▸ RECORDS FOR THE TASK
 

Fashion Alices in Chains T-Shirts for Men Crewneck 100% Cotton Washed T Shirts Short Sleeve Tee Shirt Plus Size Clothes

==

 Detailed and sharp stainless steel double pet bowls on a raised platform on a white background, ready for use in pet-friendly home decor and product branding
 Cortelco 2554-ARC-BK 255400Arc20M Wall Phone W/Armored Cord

▸ TASK DIRECTIONS
Reproduce exactly the lines above from the line with "Detailed and sharp" to the line with "Cortelco 2554-ARC-BK 255400Arc20M", including both, and add nothing.

▸ SOLUTION FOR THIS EXERCISE
 Detailed and sharp stainless steel double pet bowls on a raised platform on a white background, ready for use in pet-friendly home decor and product branding
 Cortelco 2554-ARC-BK 255400Arc20M Wall Phone W/Armored Cord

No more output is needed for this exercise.